Custom group by query

Question

I have a table containing three columns: EmployeeID, Department, Location

Each employee potentially can have multiple departments and can be located in more than one locations.

By SQL query on any RDBMS, I need return the distinct set of Departments(separated by hyphen), the distinct set of Locations(separated by hyphen) against each EmployeeID.

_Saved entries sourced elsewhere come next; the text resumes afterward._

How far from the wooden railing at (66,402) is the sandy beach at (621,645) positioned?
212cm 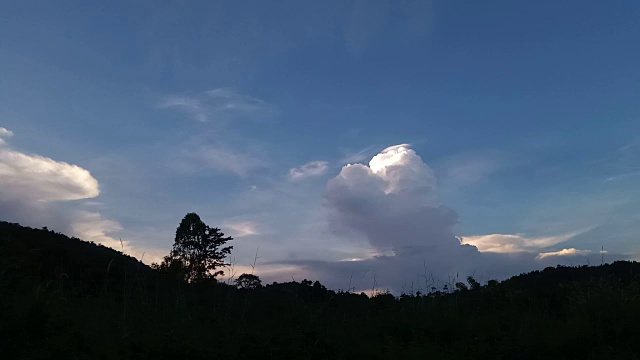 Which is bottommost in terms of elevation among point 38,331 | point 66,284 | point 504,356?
point 504,356

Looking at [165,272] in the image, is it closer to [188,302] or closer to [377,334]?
[188,302]

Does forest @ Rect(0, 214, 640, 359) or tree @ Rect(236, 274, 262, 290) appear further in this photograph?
tree @ Rect(236, 274, 262, 290)

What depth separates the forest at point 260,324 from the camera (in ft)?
26.2

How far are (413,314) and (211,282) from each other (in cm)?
555

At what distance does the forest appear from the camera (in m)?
7.98

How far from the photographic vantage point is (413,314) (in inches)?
536

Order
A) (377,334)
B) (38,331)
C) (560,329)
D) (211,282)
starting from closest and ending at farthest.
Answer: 1. (38,331)
2. (560,329)
3. (377,334)
4. (211,282)

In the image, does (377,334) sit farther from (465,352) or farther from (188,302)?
(188,302)

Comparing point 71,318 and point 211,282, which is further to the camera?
point 211,282

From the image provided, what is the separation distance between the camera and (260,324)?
35.1 ft

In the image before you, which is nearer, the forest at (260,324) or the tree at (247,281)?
the forest at (260,324)

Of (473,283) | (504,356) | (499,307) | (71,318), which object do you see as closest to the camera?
(71,318)

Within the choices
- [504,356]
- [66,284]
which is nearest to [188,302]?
[66,284]

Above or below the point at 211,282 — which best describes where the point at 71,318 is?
below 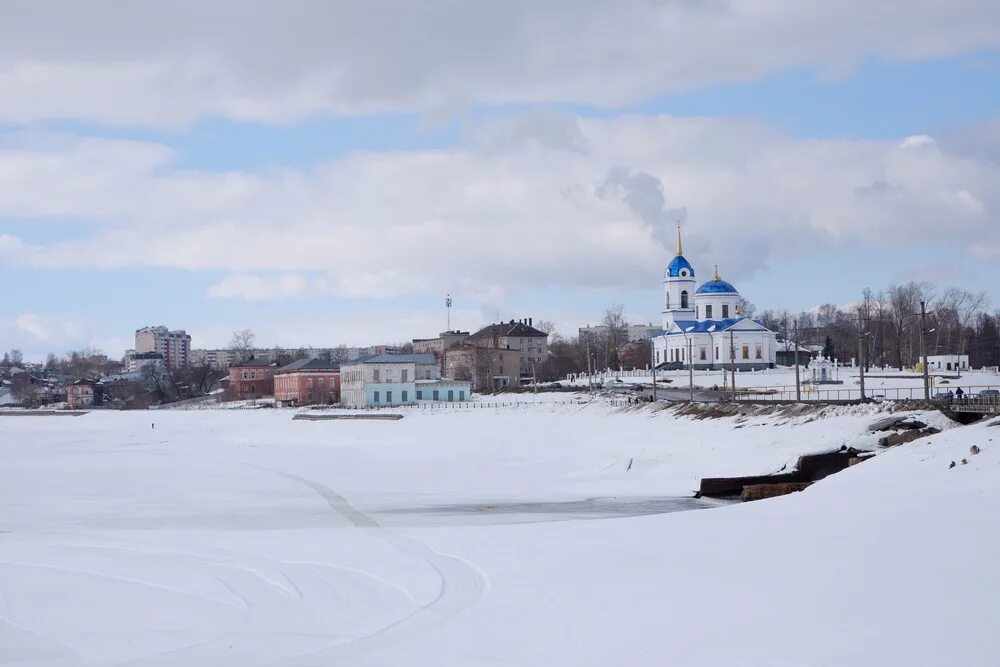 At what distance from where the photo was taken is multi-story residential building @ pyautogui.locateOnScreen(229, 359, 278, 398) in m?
132

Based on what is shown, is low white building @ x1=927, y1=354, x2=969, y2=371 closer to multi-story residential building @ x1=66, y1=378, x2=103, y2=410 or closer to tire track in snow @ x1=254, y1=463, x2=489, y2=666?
tire track in snow @ x1=254, y1=463, x2=489, y2=666

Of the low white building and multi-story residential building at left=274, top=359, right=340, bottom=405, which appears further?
multi-story residential building at left=274, top=359, right=340, bottom=405

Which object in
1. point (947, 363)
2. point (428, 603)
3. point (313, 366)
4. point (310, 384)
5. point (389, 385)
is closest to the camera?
point (428, 603)

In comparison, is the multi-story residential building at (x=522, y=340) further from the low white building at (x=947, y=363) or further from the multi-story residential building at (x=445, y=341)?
the low white building at (x=947, y=363)

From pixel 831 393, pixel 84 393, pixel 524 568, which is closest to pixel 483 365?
pixel 84 393

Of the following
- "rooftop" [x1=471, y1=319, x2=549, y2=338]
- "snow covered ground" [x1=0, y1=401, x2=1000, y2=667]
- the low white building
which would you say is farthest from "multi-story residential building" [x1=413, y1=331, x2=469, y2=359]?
"snow covered ground" [x1=0, y1=401, x2=1000, y2=667]

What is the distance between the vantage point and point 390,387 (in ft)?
322

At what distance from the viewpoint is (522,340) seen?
542 feet

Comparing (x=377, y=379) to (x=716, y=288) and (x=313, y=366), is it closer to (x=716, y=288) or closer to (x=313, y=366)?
(x=313, y=366)

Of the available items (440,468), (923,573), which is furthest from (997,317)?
(923,573)

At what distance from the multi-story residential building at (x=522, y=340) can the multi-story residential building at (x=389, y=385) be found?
5338 cm

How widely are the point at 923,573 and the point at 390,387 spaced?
3323 inches

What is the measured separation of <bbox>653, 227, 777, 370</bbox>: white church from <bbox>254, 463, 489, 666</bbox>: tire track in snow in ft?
288

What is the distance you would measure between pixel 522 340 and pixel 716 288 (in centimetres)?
4917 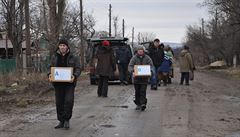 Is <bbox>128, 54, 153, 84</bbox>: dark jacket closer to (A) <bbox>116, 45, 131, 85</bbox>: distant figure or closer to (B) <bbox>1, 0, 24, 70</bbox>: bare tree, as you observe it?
(A) <bbox>116, 45, 131, 85</bbox>: distant figure

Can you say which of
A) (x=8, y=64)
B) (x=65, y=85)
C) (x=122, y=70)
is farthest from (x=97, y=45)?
(x=8, y=64)

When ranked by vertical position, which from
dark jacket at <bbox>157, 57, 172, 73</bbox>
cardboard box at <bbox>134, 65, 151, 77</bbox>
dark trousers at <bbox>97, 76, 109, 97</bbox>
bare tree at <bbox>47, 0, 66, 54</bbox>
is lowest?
dark trousers at <bbox>97, 76, 109, 97</bbox>

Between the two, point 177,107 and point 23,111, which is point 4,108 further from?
point 177,107

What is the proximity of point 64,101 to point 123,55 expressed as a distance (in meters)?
12.0

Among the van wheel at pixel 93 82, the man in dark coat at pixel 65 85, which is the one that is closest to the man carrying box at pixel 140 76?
the man in dark coat at pixel 65 85

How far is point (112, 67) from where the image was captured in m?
17.0

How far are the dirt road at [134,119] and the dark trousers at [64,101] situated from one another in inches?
13.3

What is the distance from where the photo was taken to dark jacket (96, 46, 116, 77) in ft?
55.6

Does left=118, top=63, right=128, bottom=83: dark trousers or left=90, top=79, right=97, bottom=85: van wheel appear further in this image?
left=90, top=79, right=97, bottom=85: van wheel

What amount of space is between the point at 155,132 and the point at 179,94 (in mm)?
8106

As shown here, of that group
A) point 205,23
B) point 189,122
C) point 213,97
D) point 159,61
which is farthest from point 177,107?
point 205,23

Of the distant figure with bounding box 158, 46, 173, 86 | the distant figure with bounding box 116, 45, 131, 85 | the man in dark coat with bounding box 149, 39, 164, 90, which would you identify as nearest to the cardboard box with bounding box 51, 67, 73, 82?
the man in dark coat with bounding box 149, 39, 164, 90

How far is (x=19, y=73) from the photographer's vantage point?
2734 cm

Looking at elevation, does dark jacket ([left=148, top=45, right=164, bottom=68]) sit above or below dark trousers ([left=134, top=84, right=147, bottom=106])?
above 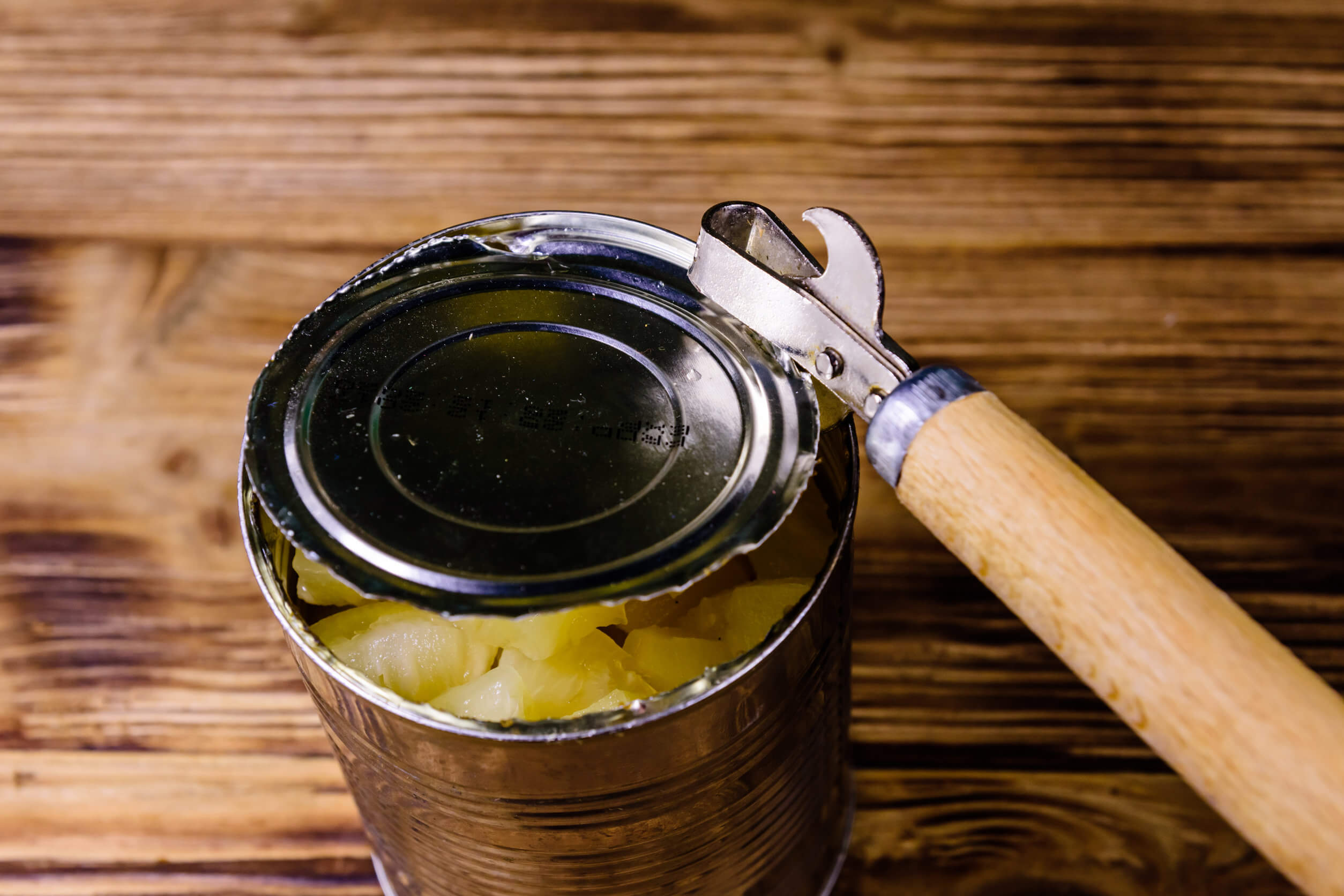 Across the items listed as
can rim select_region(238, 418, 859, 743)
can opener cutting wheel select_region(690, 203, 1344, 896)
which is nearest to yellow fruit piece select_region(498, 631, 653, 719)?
can rim select_region(238, 418, 859, 743)

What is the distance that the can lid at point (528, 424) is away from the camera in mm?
861

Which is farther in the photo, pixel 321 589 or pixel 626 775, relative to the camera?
pixel 321 589

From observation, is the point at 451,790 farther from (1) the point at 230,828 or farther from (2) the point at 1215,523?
(2) the point at 1215,523

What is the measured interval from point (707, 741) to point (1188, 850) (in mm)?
625

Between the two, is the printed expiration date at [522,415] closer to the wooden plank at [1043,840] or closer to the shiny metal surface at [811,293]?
the shiny metal surface at [811,293]

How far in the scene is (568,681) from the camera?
3.10 ft

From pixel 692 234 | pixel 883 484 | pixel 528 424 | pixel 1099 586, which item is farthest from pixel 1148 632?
pixel 692 234

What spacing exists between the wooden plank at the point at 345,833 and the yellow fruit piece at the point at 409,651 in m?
0.40

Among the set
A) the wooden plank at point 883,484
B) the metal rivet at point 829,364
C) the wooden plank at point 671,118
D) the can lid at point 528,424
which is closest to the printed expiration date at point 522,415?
the can lid at point 528,424

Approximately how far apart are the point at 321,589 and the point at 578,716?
0.29 metres

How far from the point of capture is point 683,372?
998 millimetres

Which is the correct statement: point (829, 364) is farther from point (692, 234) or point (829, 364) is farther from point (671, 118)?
point (671, 118)

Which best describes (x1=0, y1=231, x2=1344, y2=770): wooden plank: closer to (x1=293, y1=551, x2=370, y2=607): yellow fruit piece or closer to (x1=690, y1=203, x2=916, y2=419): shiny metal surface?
Answer: (x1=293, y1=551, x2=370, y2=607): yellow fruit piece

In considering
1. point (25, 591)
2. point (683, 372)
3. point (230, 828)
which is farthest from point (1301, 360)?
point (25, 591) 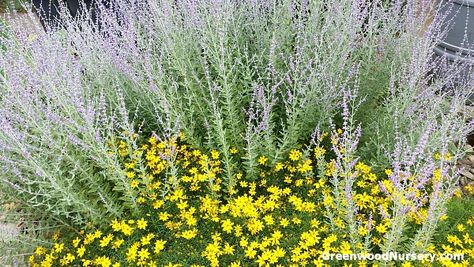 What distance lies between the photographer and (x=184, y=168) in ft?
10.6

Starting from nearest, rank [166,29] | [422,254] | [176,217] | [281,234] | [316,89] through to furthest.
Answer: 1. [422,254]
2. [281,234]
3. [176,217]
4. [316,89]
5. [166,29]

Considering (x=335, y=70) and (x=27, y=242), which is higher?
(x=335, y=70)

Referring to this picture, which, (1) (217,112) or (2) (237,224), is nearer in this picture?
(2) (237,224)

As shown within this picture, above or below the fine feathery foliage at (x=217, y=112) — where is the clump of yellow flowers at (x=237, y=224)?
below

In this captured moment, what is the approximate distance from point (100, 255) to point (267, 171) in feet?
4.22

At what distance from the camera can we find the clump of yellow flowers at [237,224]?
2.62 metres

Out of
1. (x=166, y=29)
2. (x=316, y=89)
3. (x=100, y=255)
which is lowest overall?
(x=100, y=255)

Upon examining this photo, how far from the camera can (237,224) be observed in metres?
2.82

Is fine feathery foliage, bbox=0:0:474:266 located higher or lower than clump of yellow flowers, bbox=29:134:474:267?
higher

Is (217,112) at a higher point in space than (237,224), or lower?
higher

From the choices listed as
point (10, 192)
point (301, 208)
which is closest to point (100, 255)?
point (10, 192)

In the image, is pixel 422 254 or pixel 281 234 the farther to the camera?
pixel 281 234

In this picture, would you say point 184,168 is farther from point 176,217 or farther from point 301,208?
point 301,208

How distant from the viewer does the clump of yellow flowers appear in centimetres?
262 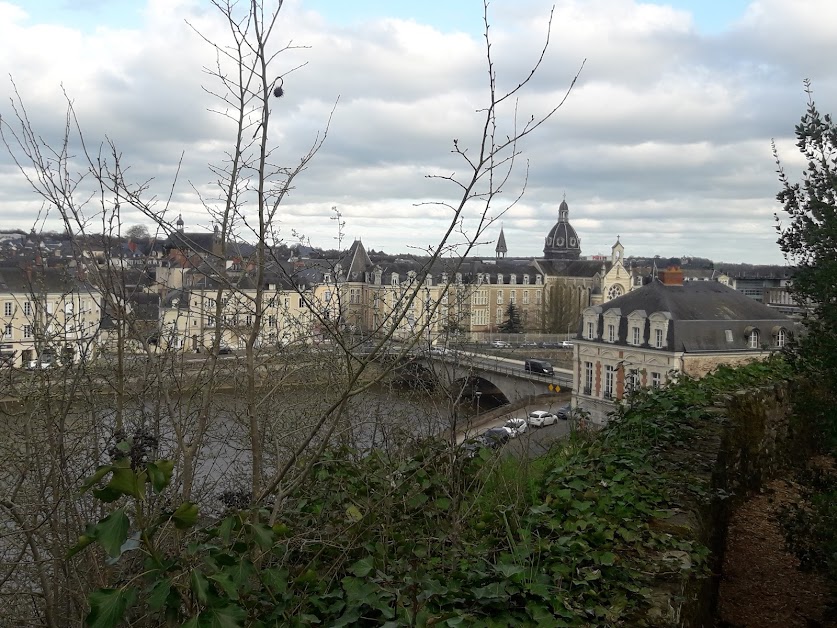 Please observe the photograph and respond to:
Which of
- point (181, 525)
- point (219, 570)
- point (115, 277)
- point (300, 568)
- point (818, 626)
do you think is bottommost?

For the following record in DB,

1. EMP1, HR, Kolkata

2. EMP1, HR, Delhi

3. EMP1, Facility, Mumbai

4. EMP1, Facility, Kolkata

I need to get the following result : EMP1, HR-Facility, Kolkata-Delhi-Mumbai

Any help will be more than welcome.

Answer 1

The only way that I can think of doing this in ANSI SQL is using dense_rank() and conditional aggregation. Assuming there are no more than three values for each group:

select empid,
       trim(trailing '-' from
            concat( max(case when l_seqnum = 1 then concat(location, '-') else '' end),
                    max(case when l_seqnum = 2 then concat(location, '-') else '' end),
                    max(case when l_seqnum = 3 then concat(location, '-') else '' end)
           ) as locations,
       trim(trailing '-' from
            concat( max(case when d_seqnum = 1 then concat(department, '-') else '' end),
                    max(case when d_seqnum = 2 then concat(department, '-') else '' end),
                    max(case when d_seqnum = 3 then concat(department, '-') else '' end)
           ) as departments
from (select t.*,
             dense_rank() over (partition by empid order by department) as d_seqnum,
             dense_rank() over (partition by empid order by location) as l_seqnum
      from table t
     ) t
group by empid;

However, most databases have more reasonable ways to express this.